This post really helped me make concrete some of the admittedly gut reaction type concerns/questions/misunderstandings I had about alignment research, thank you. I have a few thoughts after reading:
(1) I wonder how different some of these epistemic strategies are from everyday normal scientific research in practice. I do experimental neuroscience and I would argue that we also are not even really sure what the “right” questions are (in a local sense, as in, what experiment should I do next), and so we are in a state where we kinda fumble around using whatever inspiration we can. The inspiration can take many forms—philosophical, theoretical, emperical, a very simple model, thought experiments of various kinds, ideas or experimental results with an aesthetic quality.

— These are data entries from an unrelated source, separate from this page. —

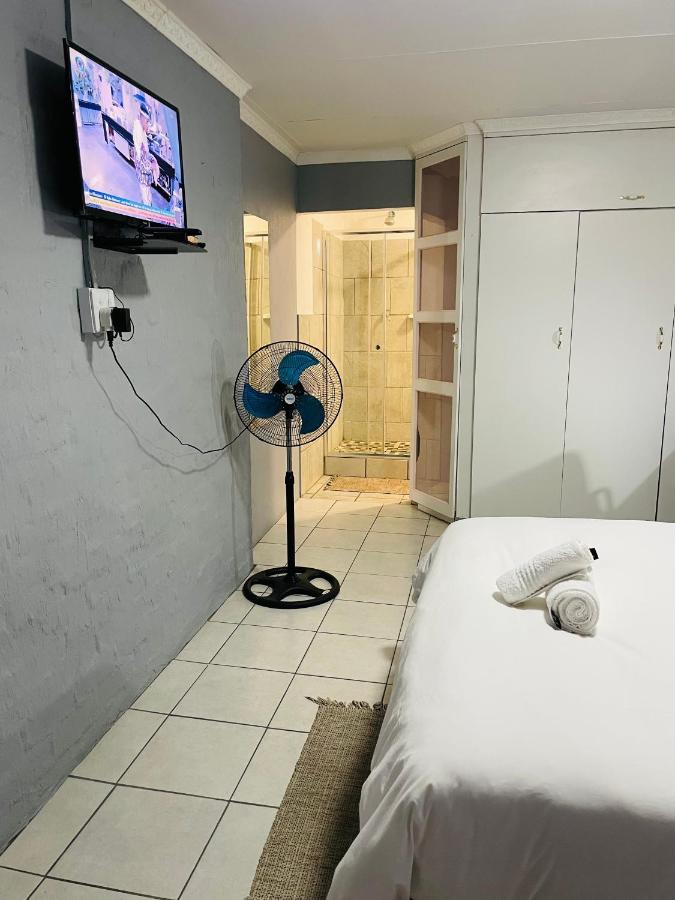 קמפטון פארק Host Hub Guest House מראה חיצוני תמונה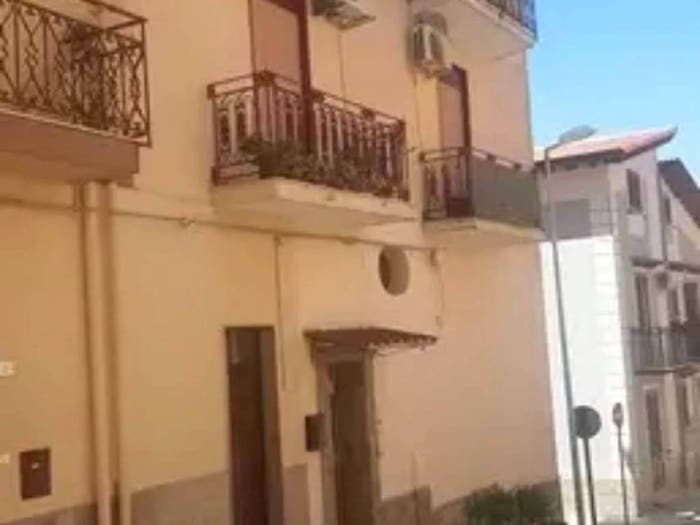 Casa con 6 locali in vendita in Via Alcide De Gasperi, Ventimiglia di Sicilia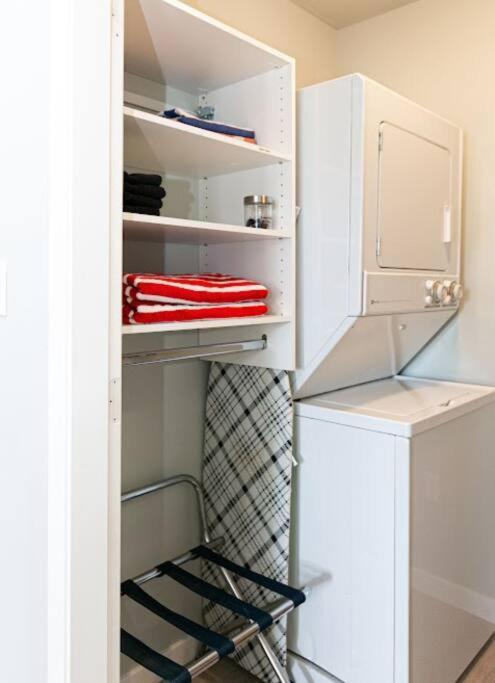 Lovely 2 Bedroom Suite Steps From The Beach Victoria Bagian luar foto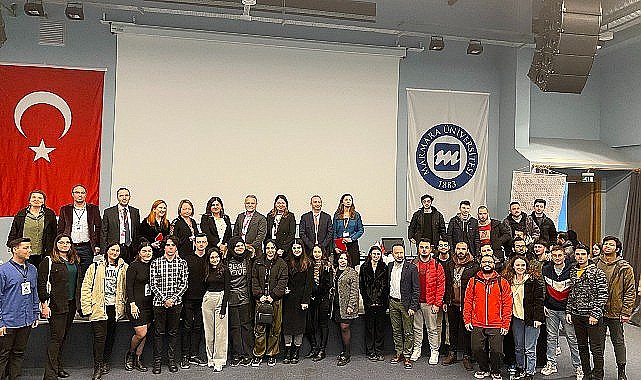 Global Menkul Değerler, üniversiteli gençlere 2023'teki makro ekonomik beklentileri anlattı
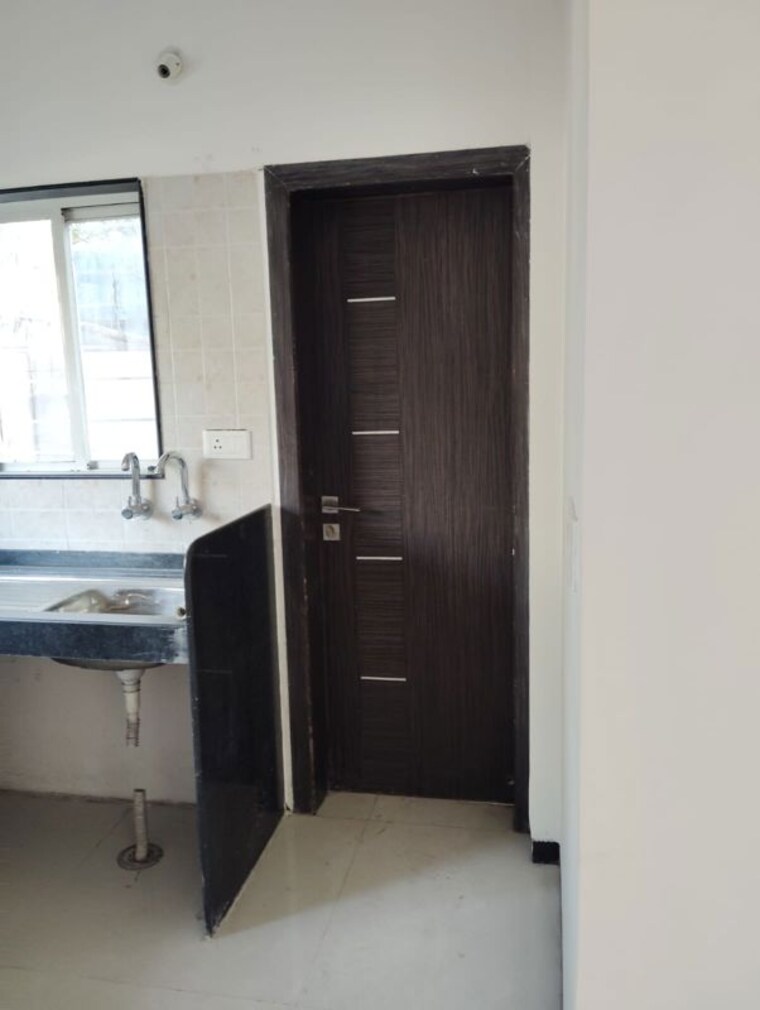 Bathroom, high-class-residency 2 Bedroom 1000 Sq.Ft. Apartment In Bavdhan Pune 10613096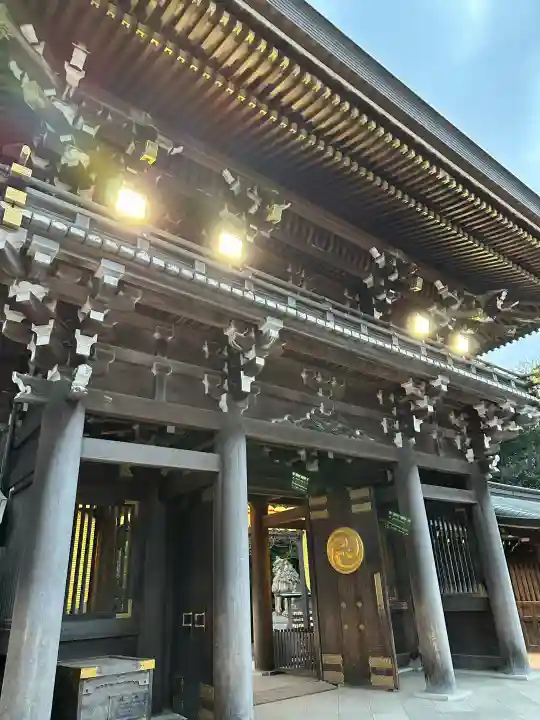 寒川神社の{uncategorized: "未分類", other: "その他", undefined: "問題あり", building: "その他建物", grave: "お墓", sacred_gate: "鳥居", guardian: "狛犬", statue: "像", buddha: "仏像", history: "歴史", nature: "自然", garden: "庭園", animal: "動物", pagoda: "塔", temizu: "手水舎", mountain_gate: "山門・神門", sanctuary: "本殿・本堂", subordinate: "末社・摂社", art: "芸術", scenery: "景色", jizo: "地蔵", ema: "絵馬", goshuin: "御朱印", omikuji: "おみくじ", items: "授与品その他", amulet: "お守り", goshuincho: "御朱印帳", eats: "食事", festival: "お祭り", votive_dance: "神楽", shichigosan: "七五三参", wedding: "結婚式", experience: "体験その他", initially: "初詣", around: "周辺", anti_infection: "感染症対策"}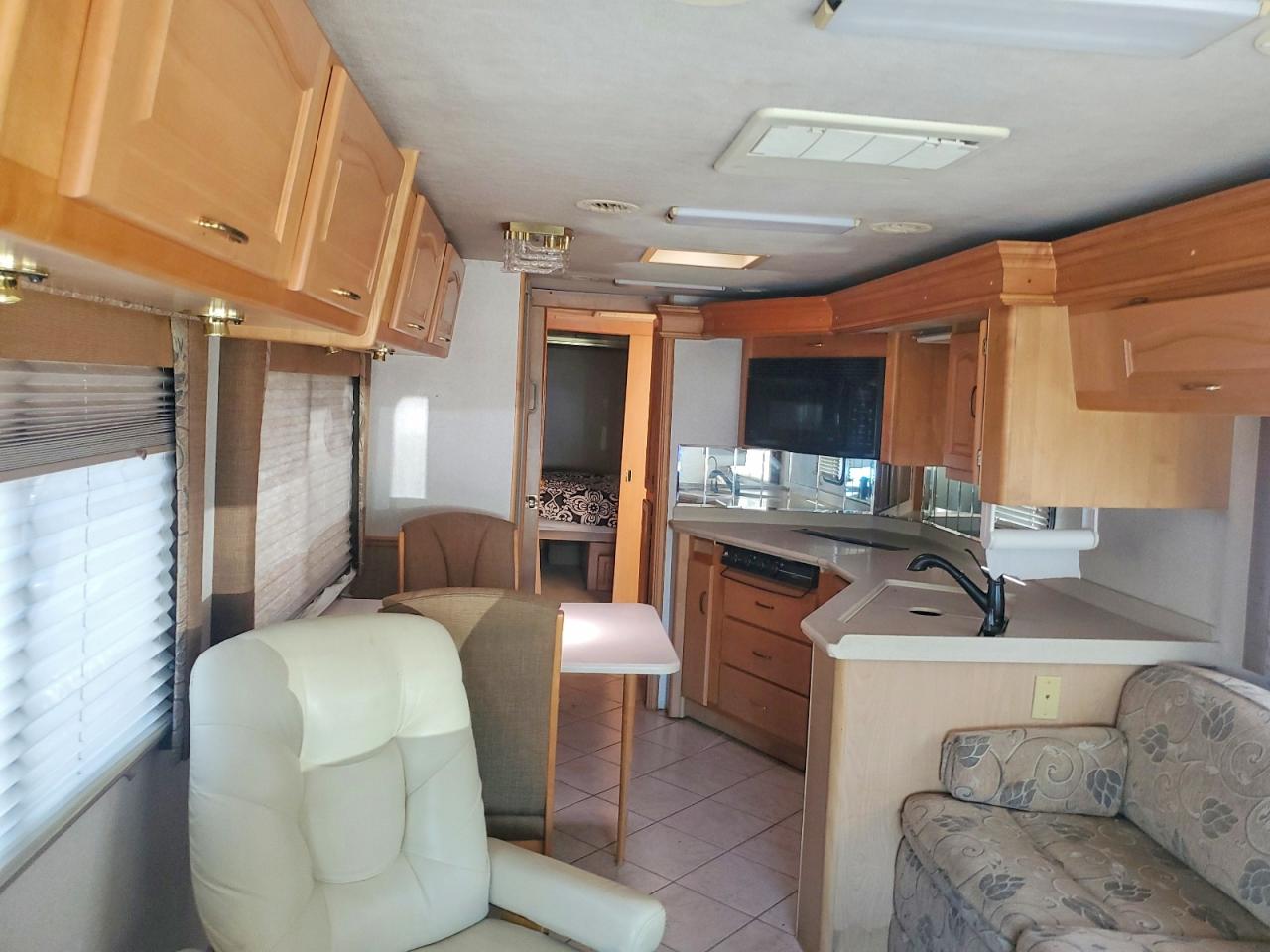 2003 FREIGLINER All other VIN 4UZAAHBSX2CJ84827 photo 6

It is true that at the end of the day brain’s already exist, so we have that to probe, but I’d argue that we don’t have a great handle on what exactly is the important thing to look at in brains, nor in what experimental contexts we should be looking at them, so it’s not immediately obvious what type of models, experiments, or observations we should be doing. What ends up happening is, I think, a lot of the types of arguments you mention. For instance, trying to make a story using the types of tasks we can run in the lab but applying to more complicated real world scenarios (or vice versa), and these arguments often take a less-than-totally-formal form. There is an analagous conversation occuring within neuroscience that takes the form of “does any of this work even say anything about how the brain works?!”

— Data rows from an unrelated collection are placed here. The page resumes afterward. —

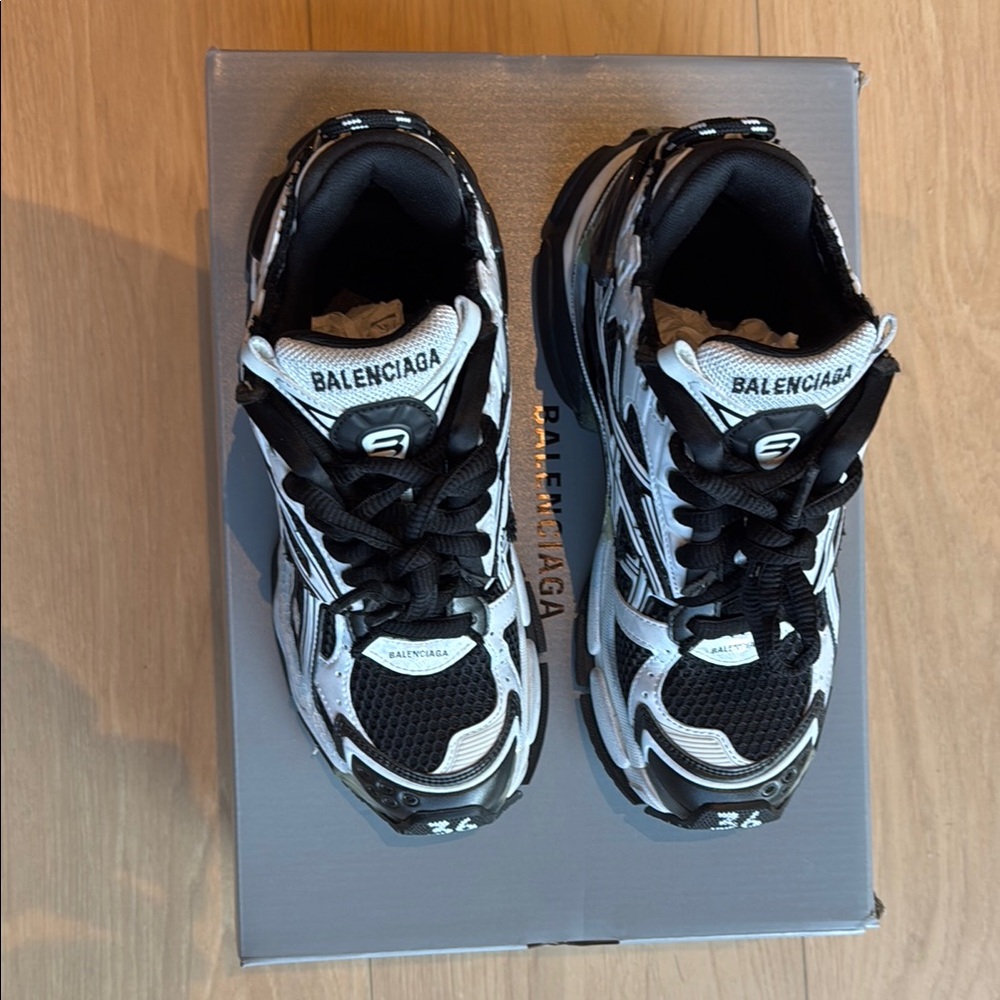 Balenciaga Runner Sneakers - Black and White size 36 - Worn TWO TIMES - Picture 5 of 6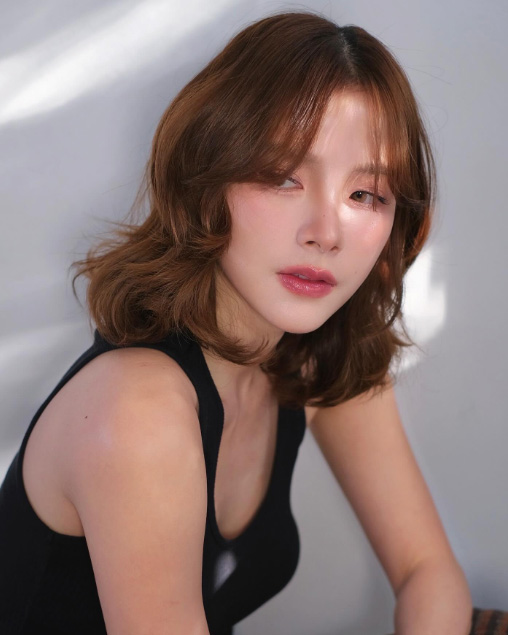 ใบเฟิร์น พิมพ์ชนก กับทรงผมสั้นดีเทลเก๋ มาส่องกันเถอะว่าเป็นทรงอะไร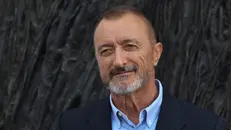 Lo scrittore spagnolo Arturo Pérez-Reverte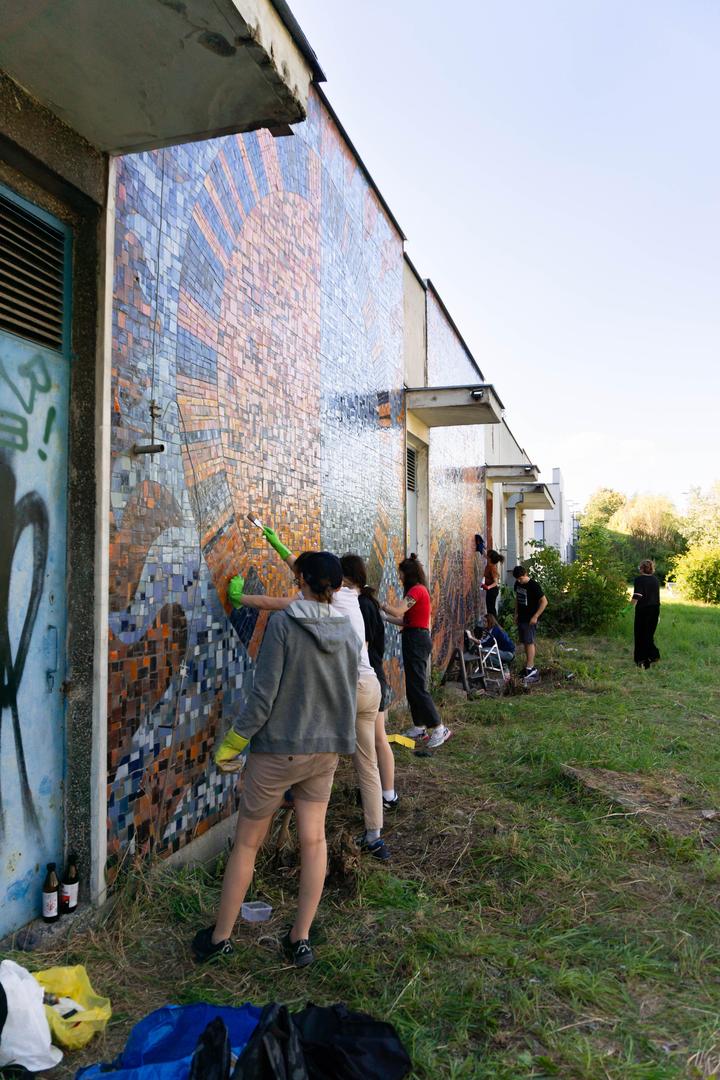 Wielkie czyszczenie mozaiki na Szpitalu Banacha - zdjęcia. Zniknęły bazgroły i chaszcze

(2) You used theoretical computer science as your main example but it sounds to me like the epistemic strategies one might want in alignment research are more generally found in pure mathematics. I am not a mathematician but I know a few, and I’m always really intrigued by the difference in how they go about problem solving compared to us scientists.

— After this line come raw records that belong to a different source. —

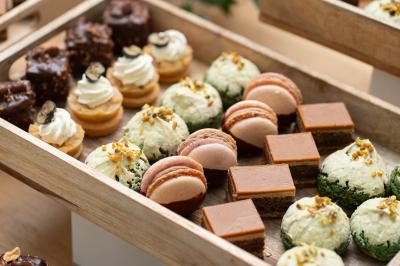 Plat gastronomique composé d'un morceau de viande nappé de sauce et d'un accompagnement de pommes de terre dressées…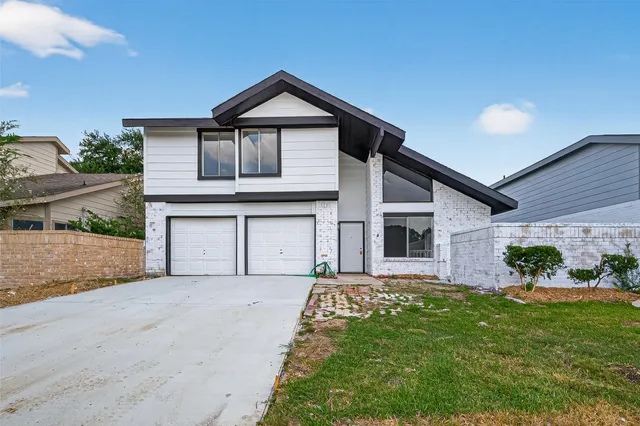 $2,100 | 12623 South Dairy Ashford Road, Houston, TX 77099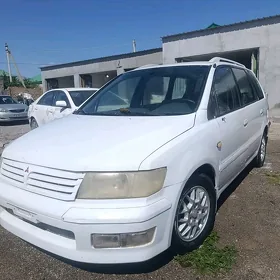Mitsubishi Diamante 2001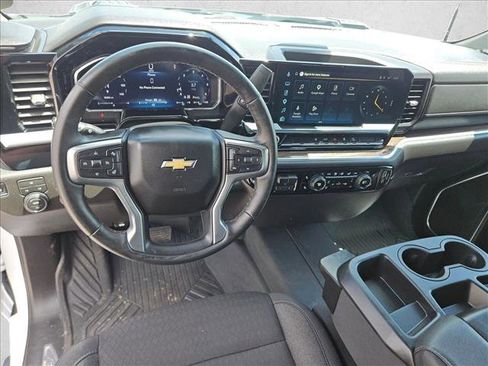 Used 2026 Chevrolet Silverado 2500 LT AWD/4WD image 17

This post really helped me make concrete some of the admittedly gut reaction type concerns/questions/misunderstandings I had about alignment research, thank you.
Glad it helped! That was definitely one goal, the hardest to check with early feedback because I mostly know people who already work in the field or have never been confronted to it, while you’re in the middle. :)
I wonder how different some of these epistemic strategies are from everyday normal scientific research in practice.
Completely! One thing I tried to make clear in this draft (maybe not successfully given your comment ^^) is that many field, including natural sciences, leverage far more epistemic strategies than the Popperian “make a model, predict something and test it in the real world”. My points are more that:
Alignment is particularly weird in terms of epistemic strategies because neither the problem nor the technology exists
Given the potential urgency of alignment, it’s even more important to clarify these epistemic subtleties.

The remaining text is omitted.